PROBLEM DESCRIPTION: All lines from the beginning of the listing through the line with "Beautiful glass bottle" are to be copied word for word; the pictures are not.

GIVEN INFORMATION:
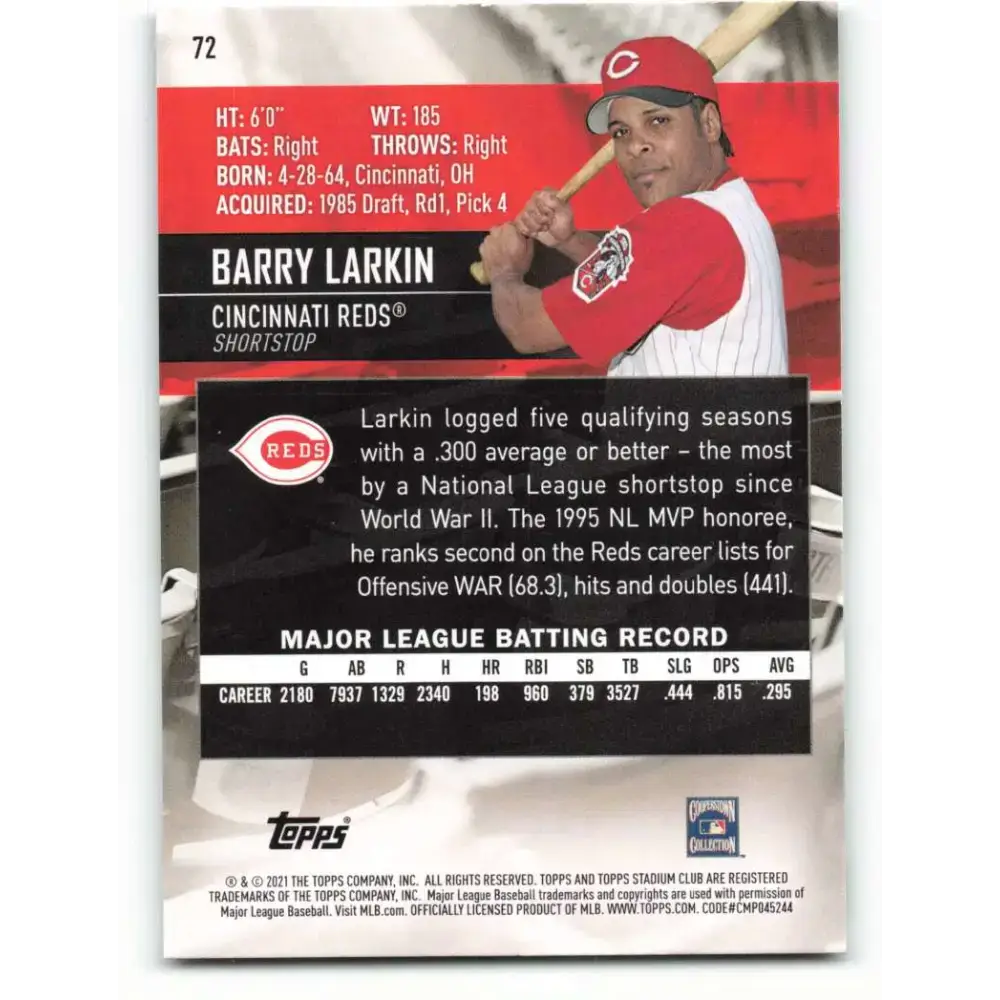 2021 Topps Stadium Club #72 Barry Larkin NM-MT Cincinnati Reds Baseball Card - Baseball Card Single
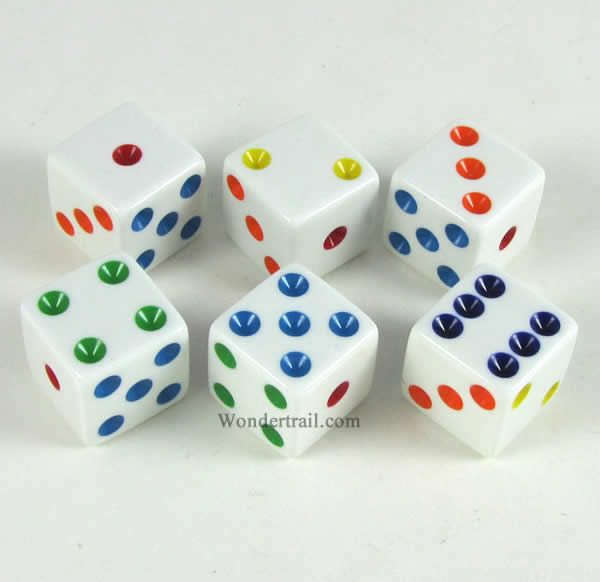 KOP11041 White Opaque Dice Multi-Colored Pips D6 16mm (5/8in) Pack of 6 Main Image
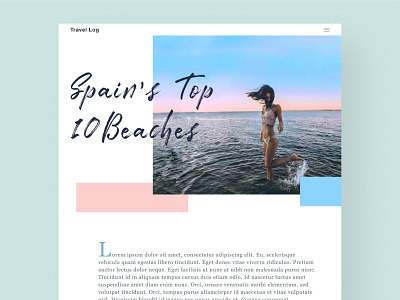 Travel Blog app design flat minimal type typography ui uid web website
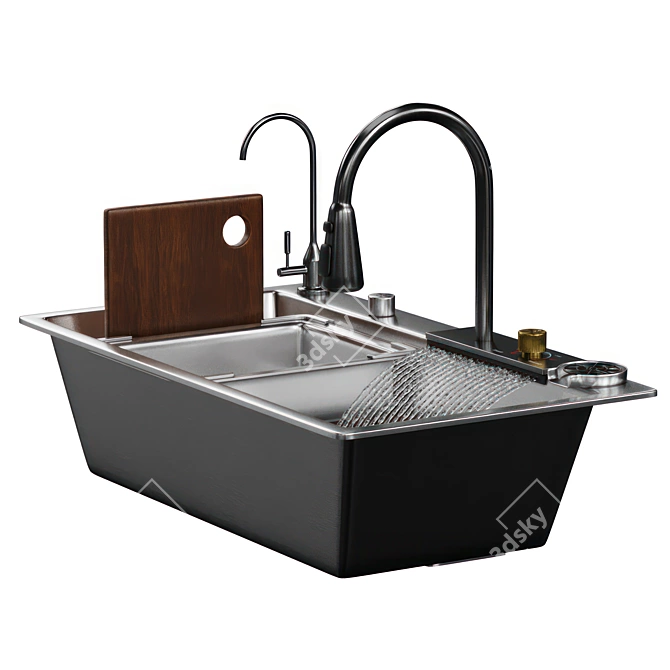 Modern Stainless Kitchen Sink Mixer 3D model image 4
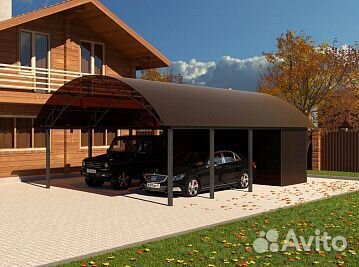 Навес с хозблоком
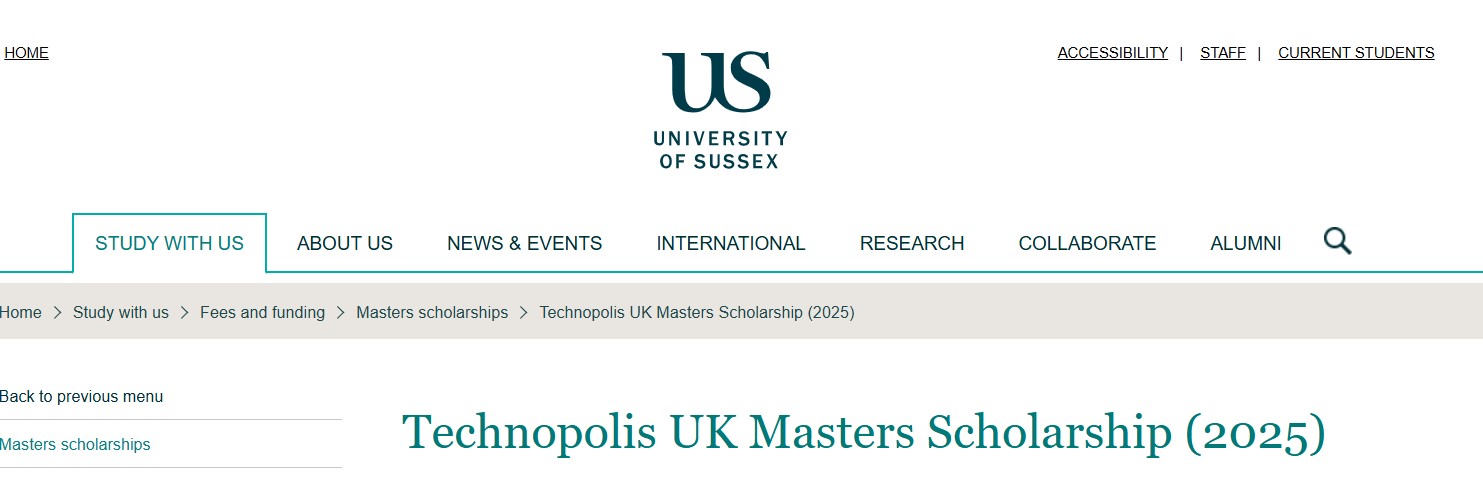 Technopolis UK Masters Scholarship 2025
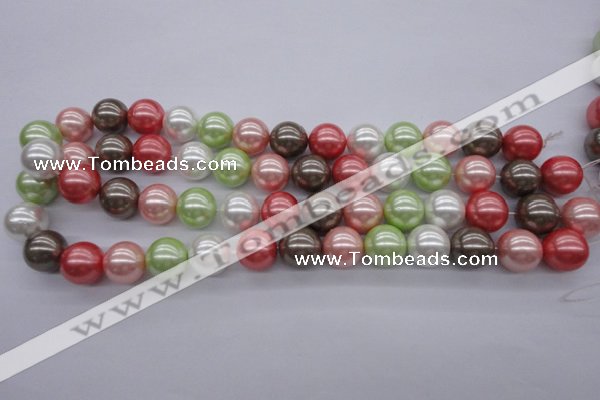 CSB1138 15.5 inches 14mm round mixed color shell pearl beads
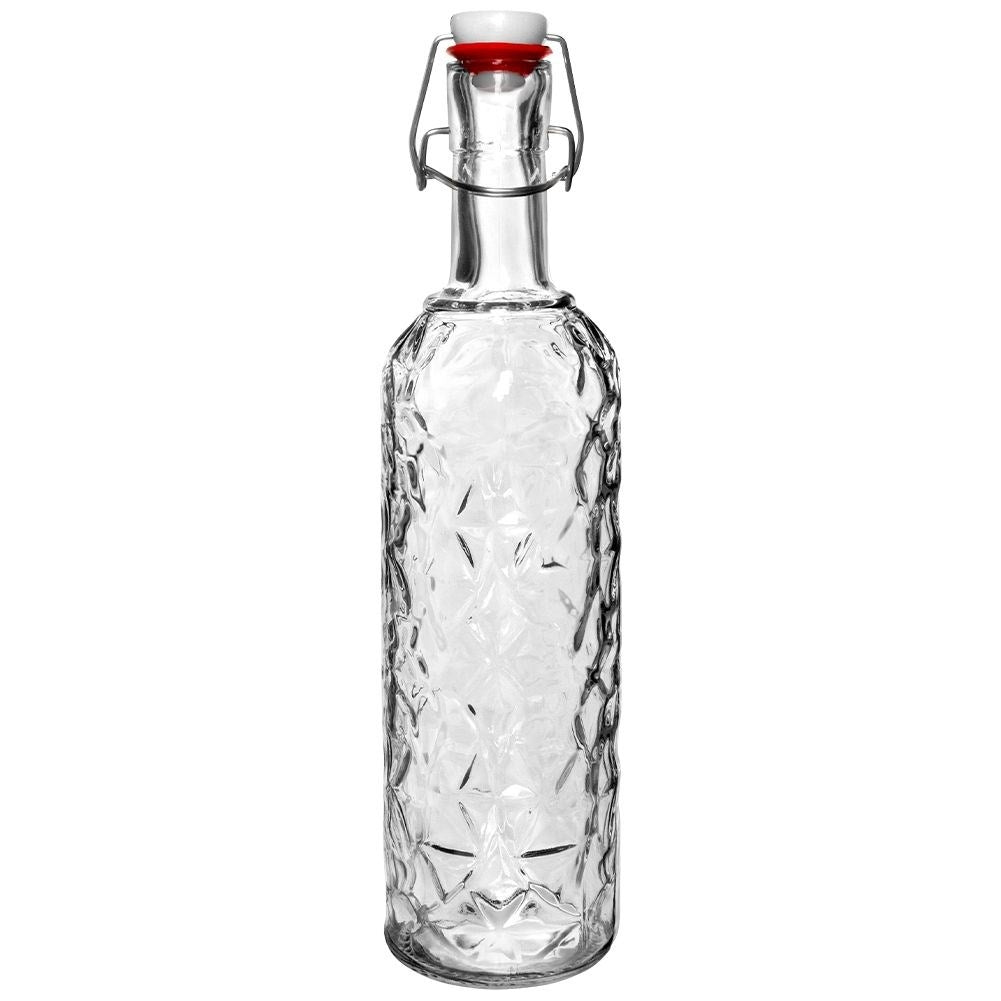 Beautiful glass bottle with cork and clamp for drinks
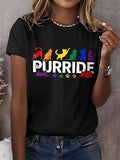 Retro Pride Month Cat Paws Purride Purr Pride Print T-Shirt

ANSWER TO THE PROBLEM:
 2021 Topps Stadium Club #72 Barry Larkin NM-MT Cincinnati Reds Baseball Card - Baseball Card Single
 KOP11041 White Opaque Dice Multi-Colored Pips D6 16mm (5/8in) Pack of 6 Main Image
 Travel Blog app design flat minimal type typography ui uid web website
 Modern Stainless Kitchen Sink Mixer 3D model image 4
 Навес с хозблоком
 Technopolis UK Masters Scholarship 2025
 CSB1138 15.5 inches 14mm round mixed color shell pearl beads
 Beautiful glass bottle with cork and clamp for drinks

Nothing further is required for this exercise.